As the FBI inquiry into the endemic corruption of FIFA continues, we have such strange by-blows as the Thierry Henry handball affair and the bizarre $5 million payment by FIFA to the Irish FA.
Henry as you’ll recall twice handles the ball in the play-off game between France and Ireland in Paris thereby setting up the easy goal which robbed the Irish of qualification for the 2010 World Cup. Blood money you might call it, but why was it ever paid?
The injustice to the Irish was palpable, the failure of referee and linesman incontestable though there has never been any accusation of malfeasance. Pressure was seemingly brought by the Irish FA and its supremo John Delaney on a resentful Blatter; but what could FIFA have feared? What bodies could have been and have remained buried?
Compare and contrast with Diego Maradona’s infamous Hand of God goal against England in Mexico City in the 1986 World Cup. Missed by the inexperienced officiating trio who had carelessly been appointed for a match of this importance. England made no formal protest after the game; the goal outrageous as it was stood.
The daft Irish suggestion that they should make an extra contestant in that World Cup never had any legitimate merit. It might even be said though hardly in mitigation that although Henry shamefully and palpably set up that goal he didn’t, like Maradona, score it himself.
But what about Havelange? Surely the buck stops there. The corruption of FIFA unquestionably started in Frankfurt in 1974 when Havelange, buying the votes of Africans he flew to the Presidential elections at huge expense, unseated Sir Stanley Rous as President of FIFA.
When Blatter so unexpectedly beat the Swede Lennart Johansson to the Presidency in Paris in 1998, there was much talk which of course he denied of money having changed hands.
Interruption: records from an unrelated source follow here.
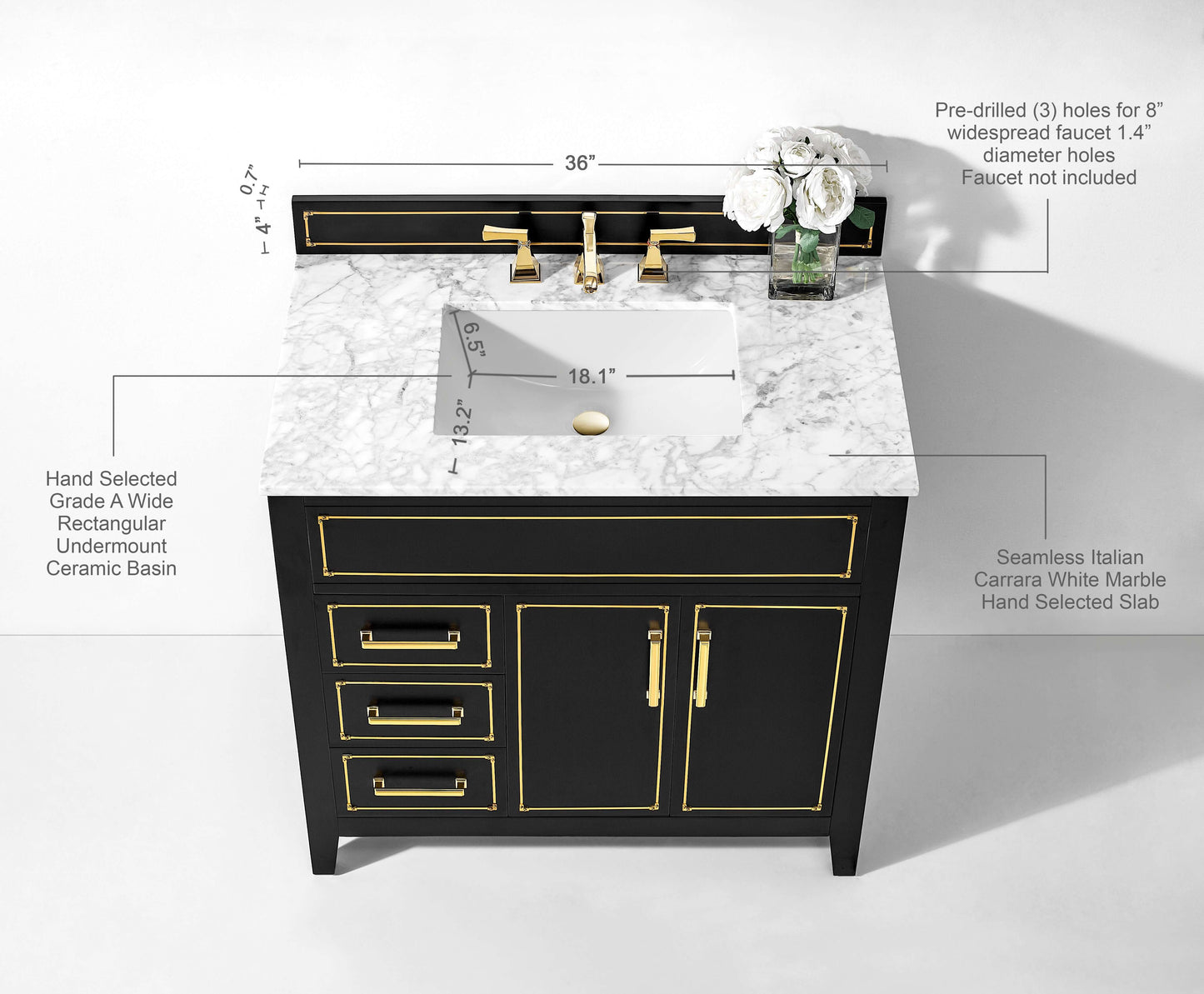 Aspen 36" Bath Vanity Set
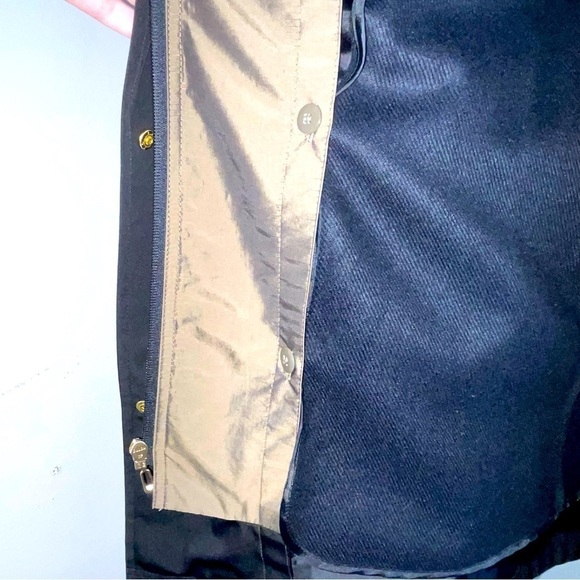 Gallery Black Pea Coat with Hood - Size Small - Picture 6 of 13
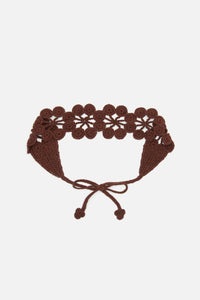 Princess Highway - Chocolate Twiggy Knit Headband - chocolate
In the case of Havelange, it seemed wholly obvious.
My colleague on the Sunday Times the multilingual Keith Botsford wrote of “small brown envelopes going into large African hands.”
A supremely well researched book, devastating in its implications, How They Stole The Game by David Yallop gave abundant chapter and verse to unmask Havelange’s greedy and corrupt campaign. He financed it with money he extracted from the funds of the Brazilian football federation – of which he was the President – boosted by donations provided to one of his companies by a group of wealthy Portuguese who fled to Brazil when the neo-Fascist Salazar regime was overthrown.
Yallop published extracts from a significant interview Havelange gave Playboy magazine in which Havelange was asked who paid for his visits while canvassing votes to no fewer than 86 countries. Havelange, twelve years on from his tarnished victory responded that he himself had paid. But then this most meticulous of men blandly responded that he had no idea how much he had spent.
But surely all that chicanery was compounded by the astonishing passivity of FIFA’s member countries. Not merely those African federations and numerous insignificant others who voted for him knowing they would profit, not merely the South Americans, where a grasping crook like Ricardo Texeira, made rich when poor by Havelange when he became Joao’s son-in-law, but by Europe at large, very much including the British associations. All of whom were quite content to vote Havelange back into power every four years from 1974 to 1995.
Which brings us to the matter of Michel Platini said in some quarters to be a strong candidate to replace Sepp Blatter (applauded you may note with disgust and amazement for ten long minutes by his FIFA minions) in the Presidency.
But Platini’s potential candidacy (and God knows who else) is irredeemably tainted by his support for Qatar’s World Cup bid even when it meant playing in 50 degrees centigrade heat, to be followed by his support for a winter tournament catastrophic for the European members and their clubs whom he is supposed to represent and protect.
The word has been nor has it been denied, that Platini was acting under pressure from the then President of France Nicolas Sarkozy, anxious to safeguard France’s oil deals with Qatar. In that case surely the honourable course of Platini was either to refuse or to resign.
Hard to explain the complex business of the South African $10 million bribe and the way it appears to have passed through FIFA enroute to the ineffable Jack Warner.
Jerome Valcke, no 2 to Blatter, says not me Guv though the evidence seems to differ. But why was he ever reinstated let alone promoted after lying in a New York court before a contemptuous judge about MasterCard with now State’s Evidence Chuck Blazer? South Africa are now surely bang to rights.